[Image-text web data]
= Beginning of Section =
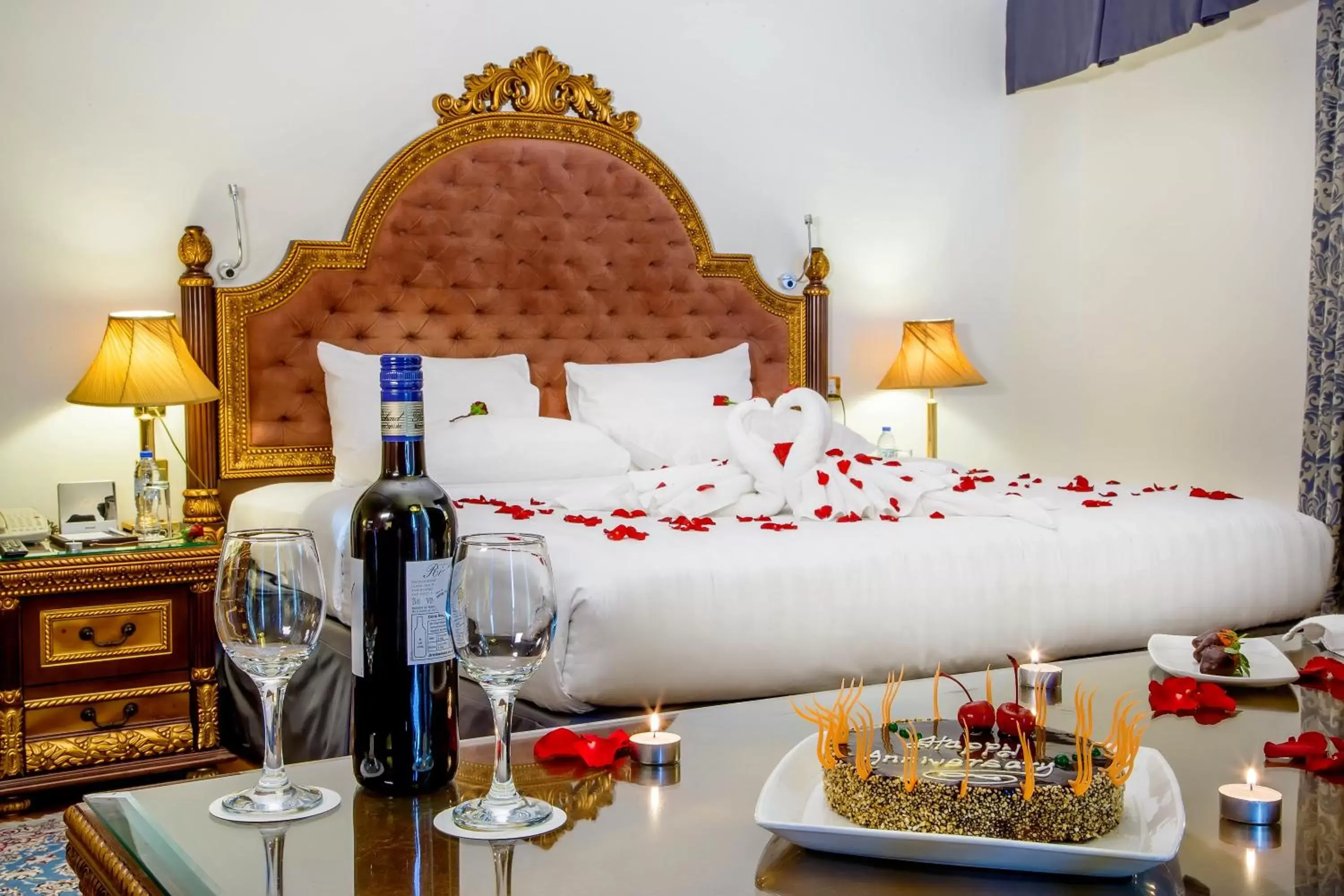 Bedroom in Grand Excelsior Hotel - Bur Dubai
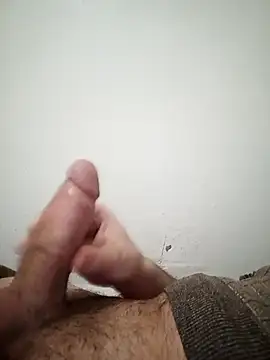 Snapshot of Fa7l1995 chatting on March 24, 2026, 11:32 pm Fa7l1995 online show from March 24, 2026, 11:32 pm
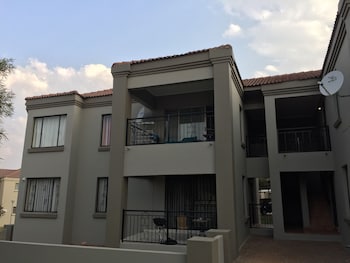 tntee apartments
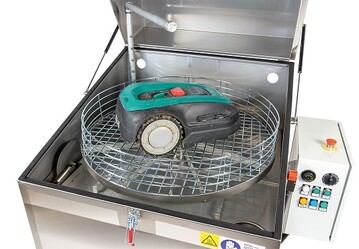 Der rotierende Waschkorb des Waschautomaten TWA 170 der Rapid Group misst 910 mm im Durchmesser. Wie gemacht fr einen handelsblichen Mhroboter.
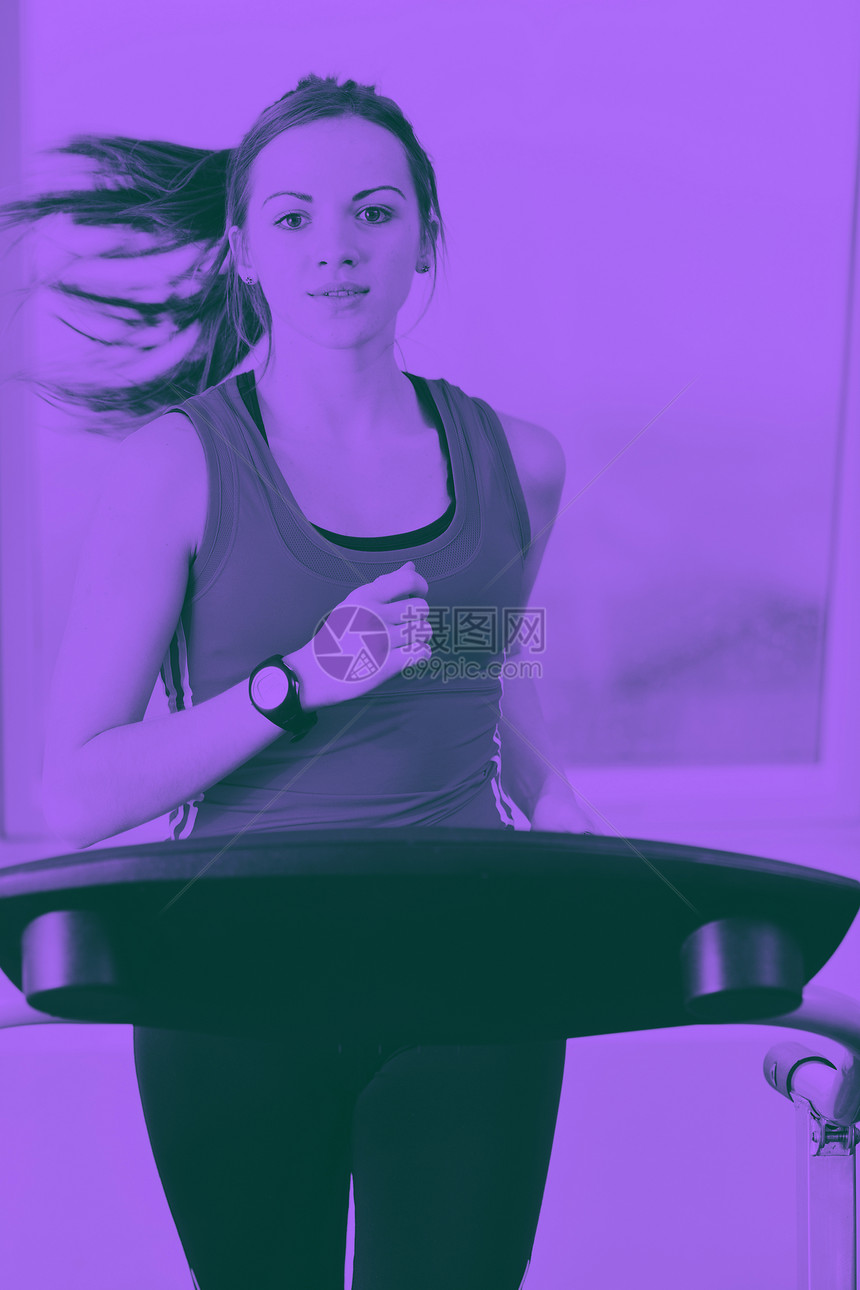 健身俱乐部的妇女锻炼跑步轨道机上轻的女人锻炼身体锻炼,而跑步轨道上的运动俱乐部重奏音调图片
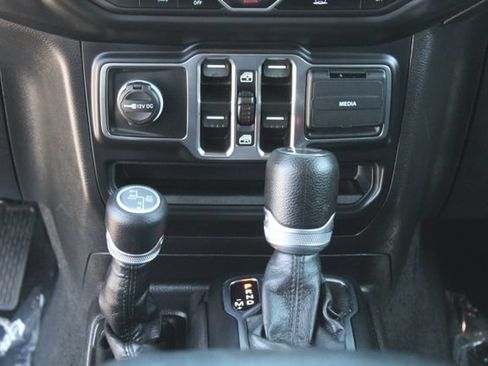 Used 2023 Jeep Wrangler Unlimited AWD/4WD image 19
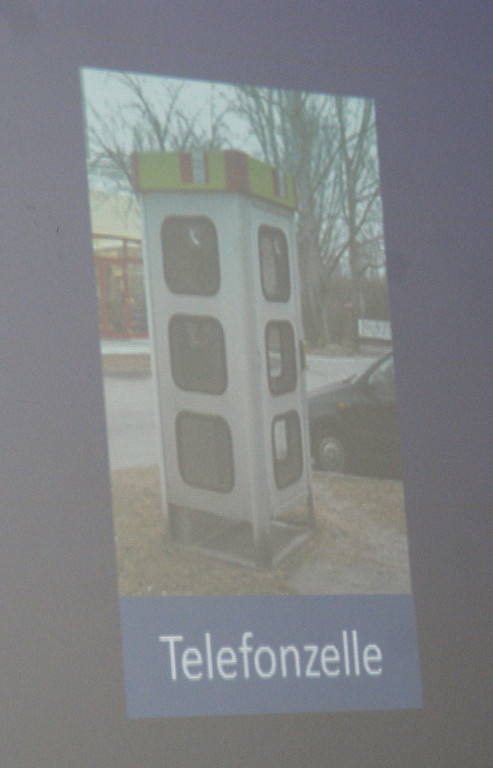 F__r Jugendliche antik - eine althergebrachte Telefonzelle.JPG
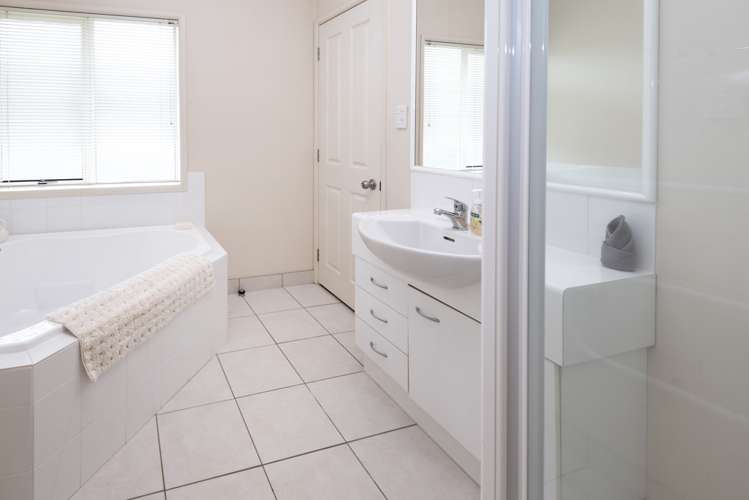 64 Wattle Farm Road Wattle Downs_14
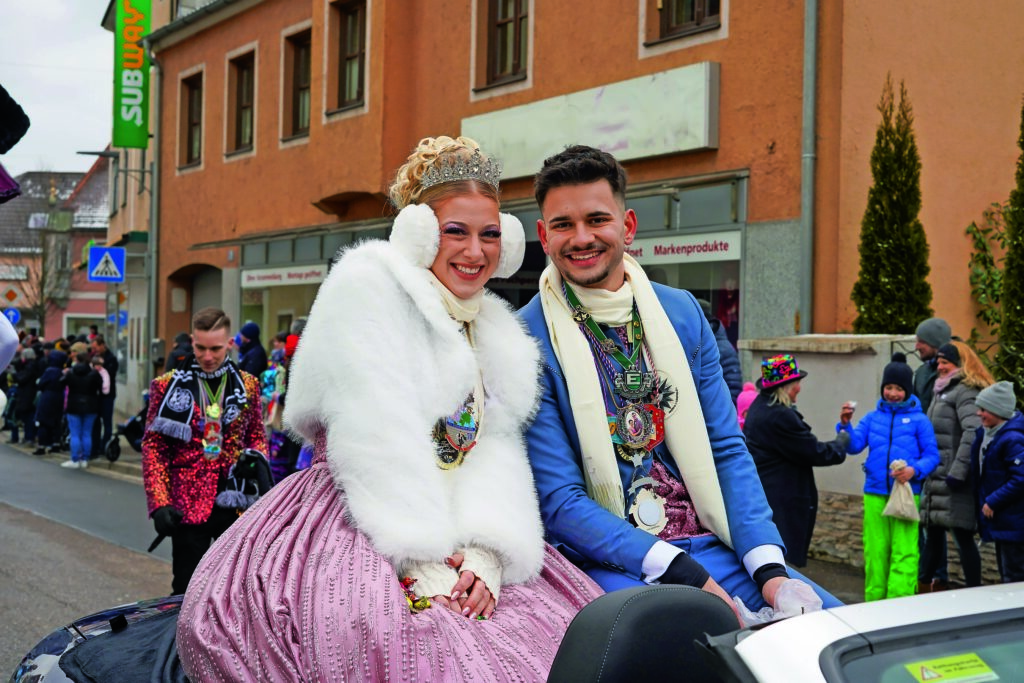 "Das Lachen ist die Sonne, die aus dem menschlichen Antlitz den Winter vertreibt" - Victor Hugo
= End of Section =
▶ **The task**
All lines from the one containing "Snapshot of Fa7l1995" through the final line of the entries above must be restated word for word, pictures excluded.

▶ **Reply to the task**
 Snapshot of Fa7l1995 chatting on March 24, 2026, 11:32 pm Fa7l1995 online show from March 24, 2026, 11:32 pm
 tntee apartments
 Der rotierende Waschkorb des Waschautomaten TWA 170 der Rapid Group misst 910 mm im Durchmesser. Wie gemacht fr einen handelsblichen Mhroboter.
 健身俱乐部的妇女锻炼跑步轨道机上轻的女人锻炼身体锻炼,而跑步轨道上的运动俱乐部重奏音调图片
 Used 2023 Jeep Wrangler Unlimited AWD/4WD image 19
 F__r Jugendliche antik - eine althergebrachte Telefonzelle.JPG
 64 Wattle Farm Road Wattle Downs_14
 "Das Lachen ist die Sonne, die aus dem menschlichen Antlitz den Winter vertreibt" - Victor Hugo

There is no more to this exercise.